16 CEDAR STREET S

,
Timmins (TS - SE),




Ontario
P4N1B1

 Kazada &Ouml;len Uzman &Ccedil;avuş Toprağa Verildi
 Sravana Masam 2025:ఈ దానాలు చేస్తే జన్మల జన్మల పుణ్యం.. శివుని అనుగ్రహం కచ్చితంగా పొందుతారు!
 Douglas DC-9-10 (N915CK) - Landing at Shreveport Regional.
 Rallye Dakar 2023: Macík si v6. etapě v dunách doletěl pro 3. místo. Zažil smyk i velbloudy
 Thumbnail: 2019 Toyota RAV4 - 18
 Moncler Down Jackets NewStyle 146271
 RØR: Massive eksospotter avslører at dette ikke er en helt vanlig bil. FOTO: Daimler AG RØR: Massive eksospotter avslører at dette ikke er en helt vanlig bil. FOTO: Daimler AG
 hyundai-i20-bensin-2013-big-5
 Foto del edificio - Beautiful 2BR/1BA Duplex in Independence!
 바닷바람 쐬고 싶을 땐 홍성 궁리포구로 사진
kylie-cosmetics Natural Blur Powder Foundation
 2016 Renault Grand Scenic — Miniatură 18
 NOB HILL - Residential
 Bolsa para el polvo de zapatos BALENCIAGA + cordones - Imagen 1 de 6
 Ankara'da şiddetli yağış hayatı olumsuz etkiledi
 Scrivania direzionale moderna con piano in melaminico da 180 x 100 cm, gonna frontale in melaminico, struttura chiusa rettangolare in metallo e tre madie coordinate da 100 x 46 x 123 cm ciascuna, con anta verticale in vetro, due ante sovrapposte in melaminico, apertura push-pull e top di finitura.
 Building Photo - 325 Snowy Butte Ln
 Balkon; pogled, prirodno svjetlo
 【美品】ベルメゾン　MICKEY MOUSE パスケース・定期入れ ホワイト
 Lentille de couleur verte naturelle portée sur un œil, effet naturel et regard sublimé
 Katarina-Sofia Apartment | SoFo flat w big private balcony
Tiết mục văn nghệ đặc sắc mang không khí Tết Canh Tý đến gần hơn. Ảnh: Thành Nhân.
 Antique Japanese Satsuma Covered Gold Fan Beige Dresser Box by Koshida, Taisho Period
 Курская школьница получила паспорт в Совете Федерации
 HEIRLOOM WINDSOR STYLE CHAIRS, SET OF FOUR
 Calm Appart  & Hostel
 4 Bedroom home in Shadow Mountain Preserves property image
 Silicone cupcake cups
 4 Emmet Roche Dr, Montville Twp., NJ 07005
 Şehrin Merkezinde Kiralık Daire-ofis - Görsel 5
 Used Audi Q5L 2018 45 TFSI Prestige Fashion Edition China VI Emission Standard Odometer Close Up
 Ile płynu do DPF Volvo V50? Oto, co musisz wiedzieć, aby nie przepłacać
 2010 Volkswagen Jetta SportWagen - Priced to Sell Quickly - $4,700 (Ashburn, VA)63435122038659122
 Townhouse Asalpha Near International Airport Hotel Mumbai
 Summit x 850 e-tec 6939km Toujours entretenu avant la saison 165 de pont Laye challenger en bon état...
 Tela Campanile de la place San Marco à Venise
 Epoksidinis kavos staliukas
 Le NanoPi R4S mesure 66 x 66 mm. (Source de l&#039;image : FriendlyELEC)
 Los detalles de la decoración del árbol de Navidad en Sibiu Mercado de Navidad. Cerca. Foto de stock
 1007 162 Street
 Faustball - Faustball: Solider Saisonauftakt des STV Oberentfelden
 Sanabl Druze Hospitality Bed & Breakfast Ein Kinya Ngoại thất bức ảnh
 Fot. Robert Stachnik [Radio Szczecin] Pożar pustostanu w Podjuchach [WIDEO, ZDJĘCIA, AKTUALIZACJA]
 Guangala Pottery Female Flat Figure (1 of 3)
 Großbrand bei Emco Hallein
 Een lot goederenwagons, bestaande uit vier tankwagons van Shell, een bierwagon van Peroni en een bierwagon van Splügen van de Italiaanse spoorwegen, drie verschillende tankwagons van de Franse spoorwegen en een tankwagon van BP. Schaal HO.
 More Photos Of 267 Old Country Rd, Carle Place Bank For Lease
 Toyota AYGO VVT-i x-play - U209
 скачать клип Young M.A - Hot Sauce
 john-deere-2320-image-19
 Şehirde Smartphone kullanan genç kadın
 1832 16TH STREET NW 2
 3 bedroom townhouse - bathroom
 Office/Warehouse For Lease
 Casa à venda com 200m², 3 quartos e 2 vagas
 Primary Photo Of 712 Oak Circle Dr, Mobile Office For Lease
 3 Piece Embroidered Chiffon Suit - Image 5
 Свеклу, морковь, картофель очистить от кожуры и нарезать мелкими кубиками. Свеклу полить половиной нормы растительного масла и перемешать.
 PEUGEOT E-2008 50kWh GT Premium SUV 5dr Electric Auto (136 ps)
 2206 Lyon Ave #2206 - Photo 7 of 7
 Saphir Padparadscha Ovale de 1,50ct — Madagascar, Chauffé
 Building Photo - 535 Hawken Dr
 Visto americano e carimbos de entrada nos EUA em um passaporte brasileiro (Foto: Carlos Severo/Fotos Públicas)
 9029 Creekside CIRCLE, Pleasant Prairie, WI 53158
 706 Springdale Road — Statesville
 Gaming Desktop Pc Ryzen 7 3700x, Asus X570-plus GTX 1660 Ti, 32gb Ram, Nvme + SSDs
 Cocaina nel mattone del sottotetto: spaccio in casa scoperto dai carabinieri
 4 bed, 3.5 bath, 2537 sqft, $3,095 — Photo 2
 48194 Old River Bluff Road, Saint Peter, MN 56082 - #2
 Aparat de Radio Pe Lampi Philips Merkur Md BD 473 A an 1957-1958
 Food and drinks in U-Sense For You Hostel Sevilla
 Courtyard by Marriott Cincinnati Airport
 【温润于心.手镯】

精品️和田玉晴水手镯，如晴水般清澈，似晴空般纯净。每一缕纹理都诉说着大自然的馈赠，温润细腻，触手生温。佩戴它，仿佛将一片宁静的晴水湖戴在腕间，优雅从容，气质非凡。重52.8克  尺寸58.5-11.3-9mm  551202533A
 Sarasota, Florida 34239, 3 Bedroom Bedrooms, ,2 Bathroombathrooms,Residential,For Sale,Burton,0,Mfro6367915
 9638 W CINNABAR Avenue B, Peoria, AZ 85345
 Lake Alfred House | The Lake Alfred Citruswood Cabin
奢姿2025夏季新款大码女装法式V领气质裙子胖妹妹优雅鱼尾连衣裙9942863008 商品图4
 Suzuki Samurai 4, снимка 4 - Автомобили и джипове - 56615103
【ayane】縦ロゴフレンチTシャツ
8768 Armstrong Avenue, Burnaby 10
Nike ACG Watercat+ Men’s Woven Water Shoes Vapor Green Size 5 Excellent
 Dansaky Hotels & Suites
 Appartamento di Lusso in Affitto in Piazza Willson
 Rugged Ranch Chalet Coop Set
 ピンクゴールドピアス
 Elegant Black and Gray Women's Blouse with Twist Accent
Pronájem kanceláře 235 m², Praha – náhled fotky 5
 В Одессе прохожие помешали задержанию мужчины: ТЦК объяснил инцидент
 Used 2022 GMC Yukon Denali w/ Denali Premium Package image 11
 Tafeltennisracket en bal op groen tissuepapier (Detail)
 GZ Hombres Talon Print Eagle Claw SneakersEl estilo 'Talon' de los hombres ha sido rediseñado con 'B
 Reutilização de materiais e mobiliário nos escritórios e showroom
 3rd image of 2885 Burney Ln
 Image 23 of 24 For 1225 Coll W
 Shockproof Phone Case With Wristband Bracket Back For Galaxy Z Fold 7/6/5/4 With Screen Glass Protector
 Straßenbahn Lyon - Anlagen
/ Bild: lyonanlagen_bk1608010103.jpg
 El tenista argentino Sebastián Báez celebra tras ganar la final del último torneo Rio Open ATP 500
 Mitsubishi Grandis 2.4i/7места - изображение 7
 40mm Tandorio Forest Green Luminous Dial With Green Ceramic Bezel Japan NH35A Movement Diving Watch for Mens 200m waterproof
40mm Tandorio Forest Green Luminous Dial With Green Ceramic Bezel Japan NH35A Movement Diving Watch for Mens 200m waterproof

=-=-=

• Required work
Show every line from the listing that contains "Dial".

• Solution to this problem
 40mm Tandorio Forest Green Luminous Dial With Green Ceramic Bezel Japan NH35A Movement Diving Watch for Mens 200m waterproof
40mm Tandorio Forest Green Luminous Dial With Green Ceramic Bezel Japan NH35A Movement Diving Watch for Mens 200m waterproof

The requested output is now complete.